The Revolutionary Socialist Party (Revolutionär Sozialistesch Partei, Parti Socialiste Révolutionnaire), abbreviated to RSP, was a far-left party in Luxembourg. At its start, it was a Trotskiyst group active in the late 1960s in the General Association of Luxembourgish Students. When the majority of students' group became Maoist and was transformed in the Revolutionary Socialist Left, the Trotskyist minority split and founded the Revolutionary Communist League (Ligue Communiste Révolutionnaire) in September 1970. It published Klassenkampf starting in 1970, and in December 1984 was renamed the Revolutionary Socialist Party and published Sozialistesch Aktioun until 1992.

The party had more than 100 members in the early seventies and 27 in 1985.

Under both names, it took part in the elections to Luxembourgish parliament from 1974 until 1989, winning no seats and between 0.2 and 0.4% of the vote. In the European elections between 1979 and 1989 it won between 0.4 and 0.6%.

In 1994 the RSP became part of the New Left which was founded by a faction of the Communist Party of Luxembourg.

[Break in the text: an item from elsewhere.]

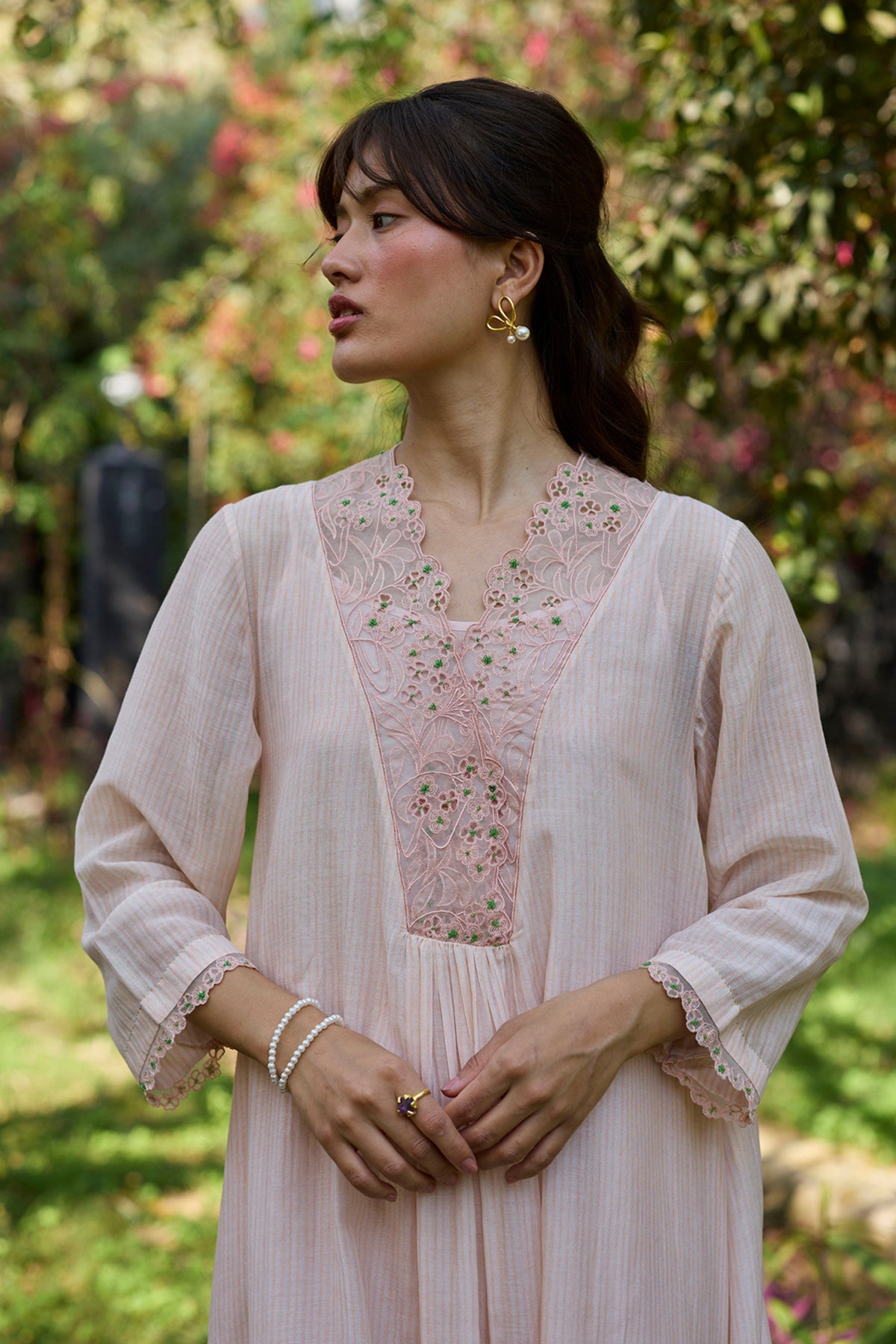 English Morning Pink Embroidered Dress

When The Left was established in 1999 by the New Left and the Communist Party, the RSP dissolved and its members joined the new party.

Leading members of the RSP were Robert Engel, André Kremer, Gaston Kremer, Jean-Pierre "Jhemp" Lulling, Robert Mertzig, Marc Reckinger, Joseph Wirth. The former RSP militants Justin Turpel, Antoine Jost and Thérèse Gorza are prominent members of The Left.